Maybe it was, or maybe it was just because I kept on getting destracted by talking to all the other people and yeah organising and stuff
Well, its final. My dad is coming to austalia in June... YAY! I get to see him for the first time in like what... 5 years now?? I dont know what he is going to think of me. And I want Luke there, I dont know what my dad will think of him either... It's going to be fun though, we are going down to the Gold Coast for that time he is here.
I keep getting distracted!! Its taken me nearly 2 hours just to write this. Oh well I'll get into it soon.
Ok now I have time to write, and write I shall.
I so can not wait for tomorrow night!! Party at Luke's place... its going to be good! I plan on going and egging his ex's place... it would be soo good. I dont wanna get like drunk though, coz its like around his parents and I dont want them thinking bad of me or anything. That would really suck. But yeah all round I think its goin to be good. They are bringing over the Sexual Panda's equiptment so they can play and go pycho... I missed out last time
I still think there is some sort of conspiracy about why I wasnt invited at Damiens the other day... something is going on there.... but I dont care, I really dont as long as I have Luke as mine, I am happy and I couldnt give a fuck about anything else in the world.
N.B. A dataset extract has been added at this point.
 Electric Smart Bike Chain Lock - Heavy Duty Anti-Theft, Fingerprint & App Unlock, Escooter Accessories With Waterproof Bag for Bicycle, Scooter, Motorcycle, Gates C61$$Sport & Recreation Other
Really I couldnt. Thats why I am looking forward to Tuesday. I hope its going to be like I want it to be. It would be rad if he took me somewhere nice during the day then like something either really sweet or something small for dinner but it would be AWESOME if we could go to the beach when its dark for a few hours or something. I dont know where or how we would get around, but meh. LEAVE ME ALONE I'M ALLOWED TO DREAM ... heh heh heh.
Meh I really miss Luke. I'm used to being with him alot more, like I was about 2 -3 weeks ago. I wish it was like that now. I love his company so much I really do. He's worried about me getting sick of him, but I dont think it would work. 6 months and I was sick of Dean. and thats DEAN think about it, he was the worst bf... well not really, but he turned out to be. And then there is Luke, He is sweet, thinks of me, just does all round sweet stuff, says the right things, just all round good looking and perfect!!
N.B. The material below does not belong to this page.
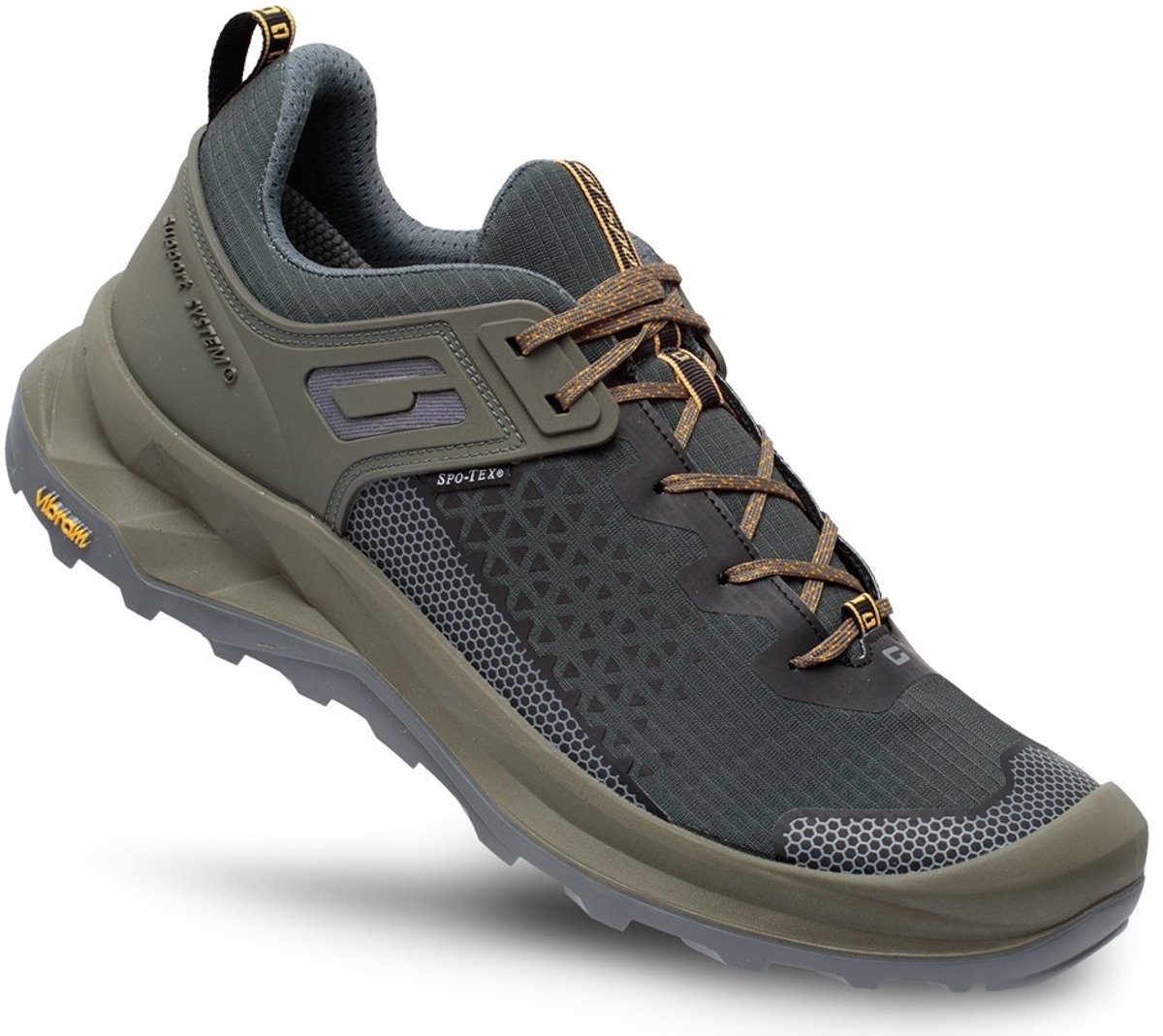 Grisport Explorer low groen wandelschoenen uni (15401-09)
I really think I should stop ranting and raving on about Luke, but hey thats what these things are for. I dont know any one who reads mine anymore, I hardly know any one that DID!! So yeah this is almost like a private diary I guess. But still, I dont trust it because randoms could one day just read it. Every one else has given up on their posts too. Either given up or just very slack (like me!) So yeah I dunno.... mind blank soz my bad!
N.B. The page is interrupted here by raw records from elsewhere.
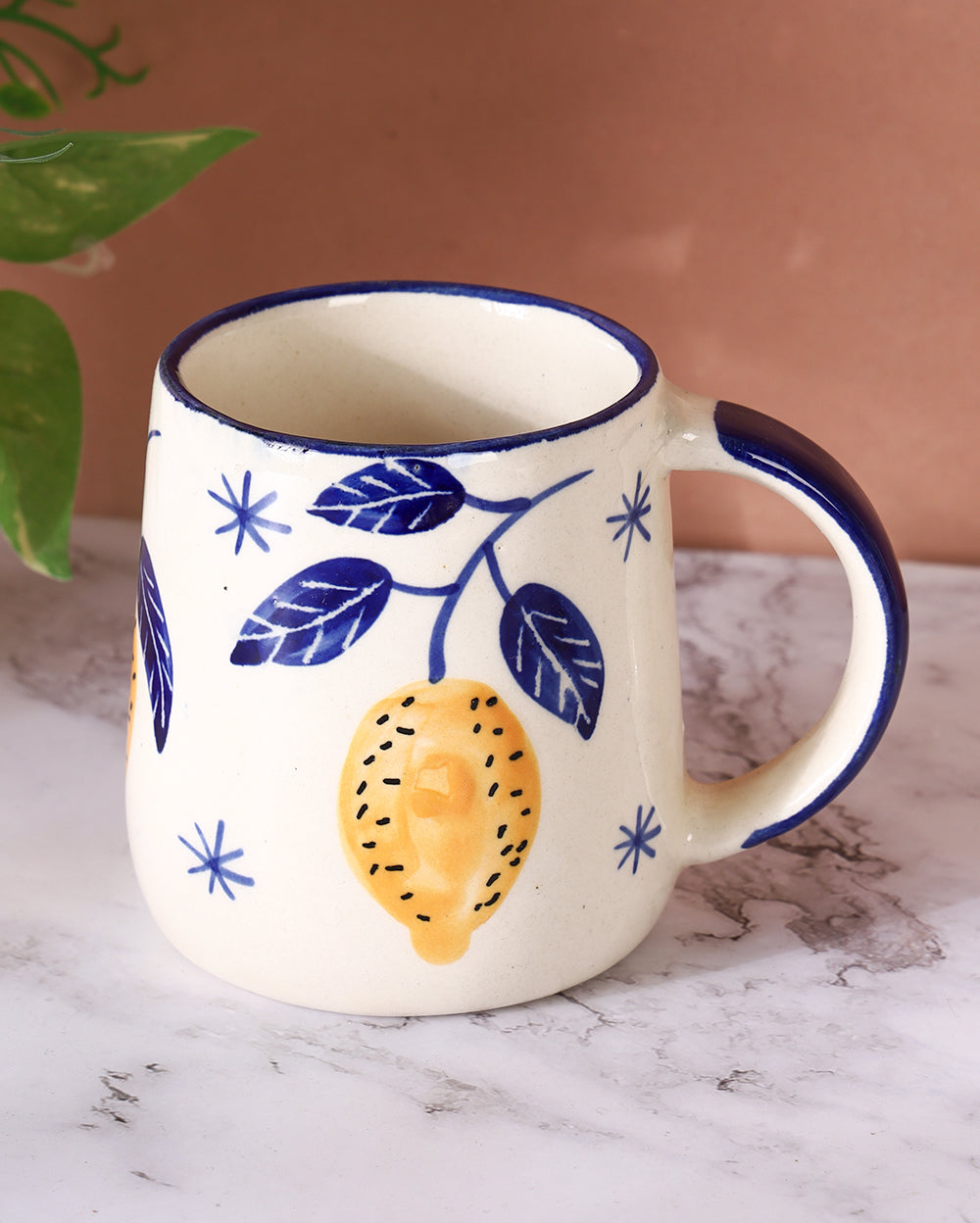 Lemony lime topaz coffee cup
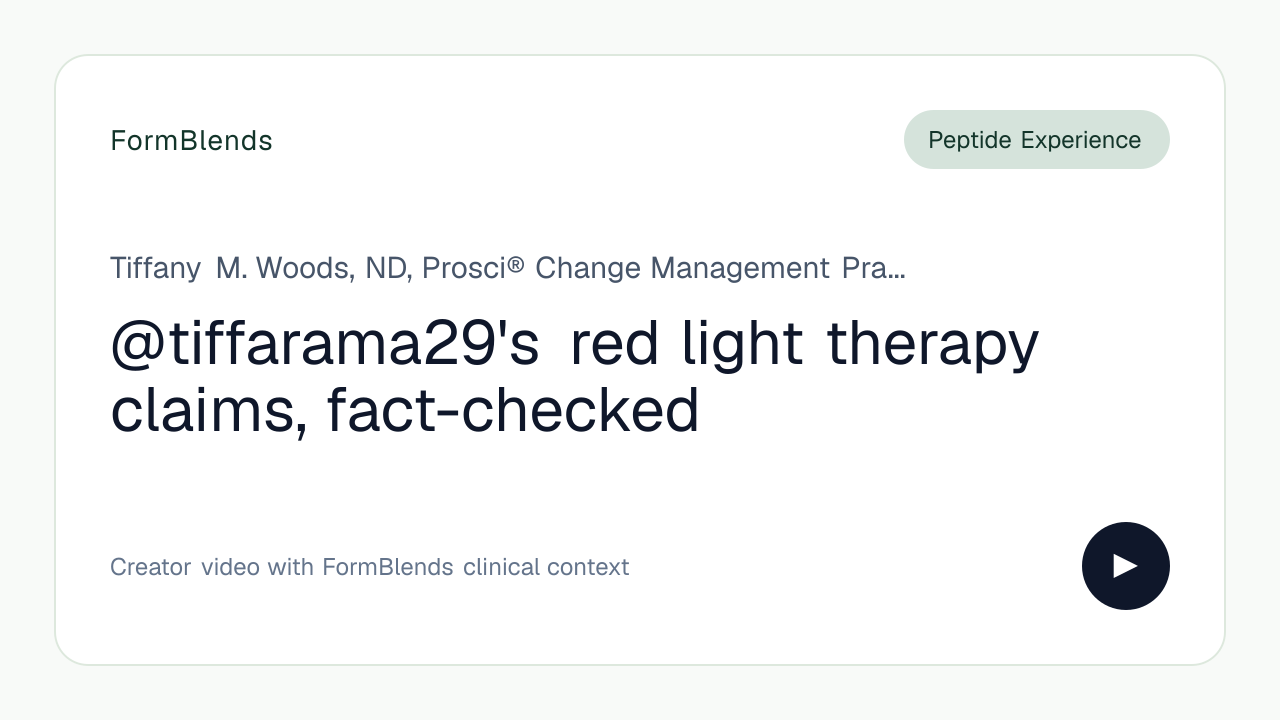 @tiffarama29's red light therapy claims, fact-checked
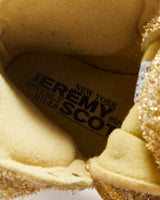 DS 2013 Adidas Originals Jeremy Scott JS Bear Gold Tinsel Trainers - UK5.5
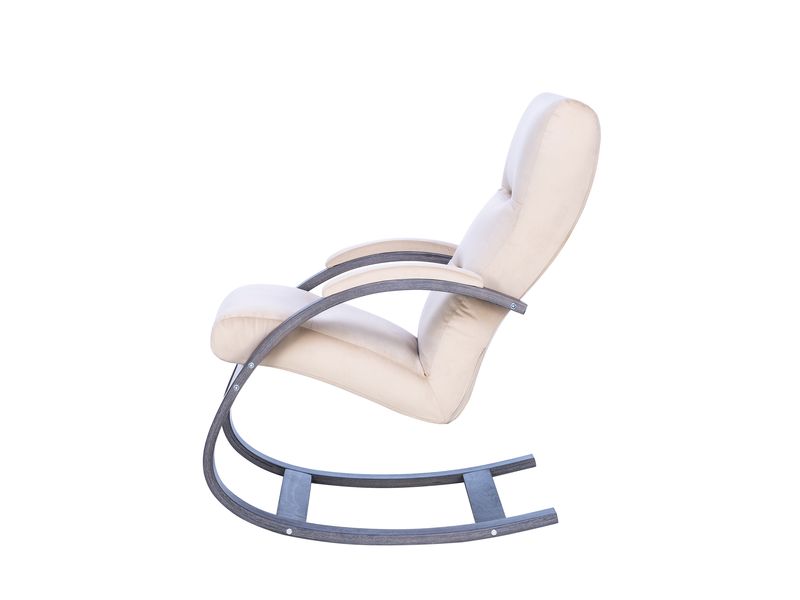 Кресло-качалка Leset Милано цвет венге текстура велюр V18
I really havnt been sleeping well, I figured that out last night. My sleeping pattern has fully changed now. I dont sleep until at least 1 in the morning normally, and I am normally woken up earlyish .. but I'm good for the day... But the surprise is that today I slept about 11-12 hours. I was really surprised. My eating habbits are getting worse too. I havnt been eating much. I think today is kinda like a catch up day... I think its been almost normal, I had a tiny breakfast and not much dinner.... but yer I dont htink its that normall lol normally I am like a pig when it comes to food, I really am. There is some foods I cant resist, like just mostly at times when I feel for it I can eat very large amounts of junk food at most times. Or just some other just random foods
I hate being female sometimes, with some ways I act like I can be male, I reckon I can be friends easier with guys, unlike with females. I've noticed that, I have way more male friends than female friends. It gets annoying though. I have some close friends though. I'll rate them
So there is Alex, She's what I would call my best friend. I wish I was closer to her though. I need to talk to her more than I do now. It would be coll as, even though she has her bad sides, like being too loud. She needs to quieten down, or just turn the pitch down. That would be handy. Other wise she is one of the nicest, coolest people I know. Really. Rating: Bestie
Everyone must know Luke. He's my bf. I cant imagine ANYTHING without him anymore. He makes me feel so happy, he makes me feel special. Like I have a reason or something. But I always worry so much about somehting fucking up between me and him. I dont want that to ever happen. He's the best thing in my life. Perfect. Rating: Steady Boyfriend
And of course Damien. I've known him since I was going out with my ex from before Dean. He was such a cool friend. I dont know whats happened, but since I've been going out with Luke, I've just felt he doesnt like me. There is something... I dont know... something... Rating: Boyfriends Best friend.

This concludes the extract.